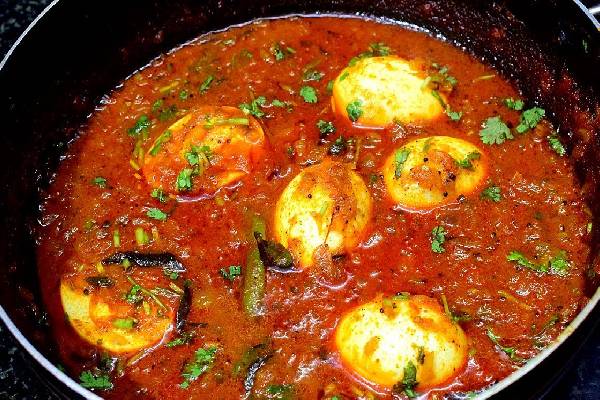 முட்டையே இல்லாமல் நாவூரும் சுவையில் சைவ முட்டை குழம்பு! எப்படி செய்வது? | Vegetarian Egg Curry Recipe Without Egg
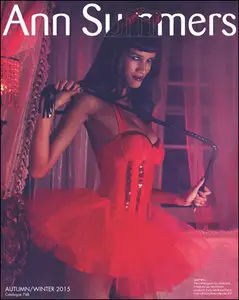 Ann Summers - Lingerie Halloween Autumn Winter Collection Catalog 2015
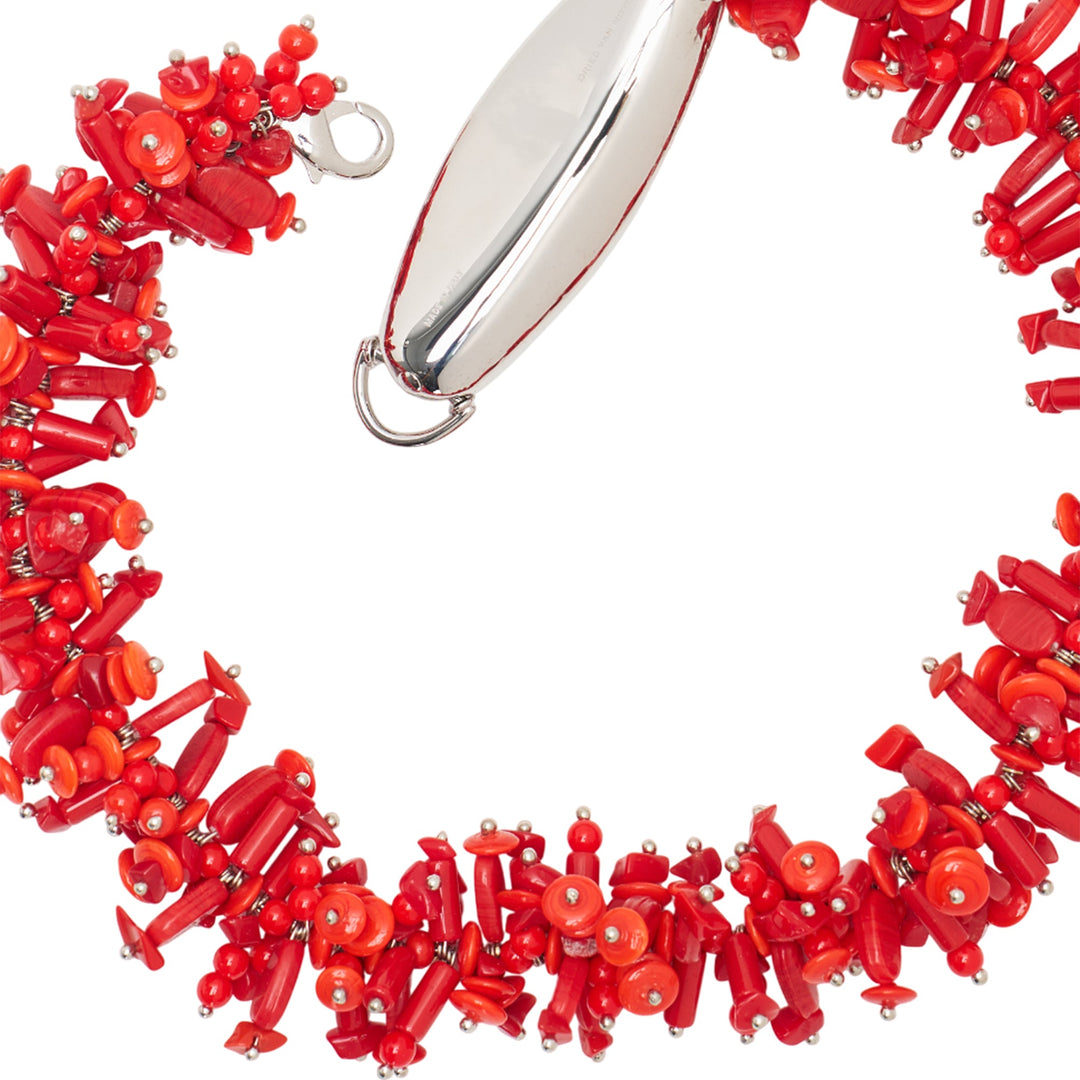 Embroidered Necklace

* * *

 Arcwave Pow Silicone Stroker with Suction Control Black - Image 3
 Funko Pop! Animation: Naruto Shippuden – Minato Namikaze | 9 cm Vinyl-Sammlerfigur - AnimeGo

▶ [Work order] Print nothing except the lines above from the one containing "முட்டையே இல்லாமல் நாவூரும்" down to the one containing "Embroidered Necklace", both included, exactly as written and free of pictures.

▶ [Answer box]
 முட்டையே இல்லாமல் நாவூரும் சுவையில் சைவ முட்டை குழம்பு! எப்படி செய்வது? | Vegetarian Egg Curry Recipe Without Egg
 Ann Summers - Lingerie Halloween Autumn Winter Collection Catalog 2015
 Embroidered Necklace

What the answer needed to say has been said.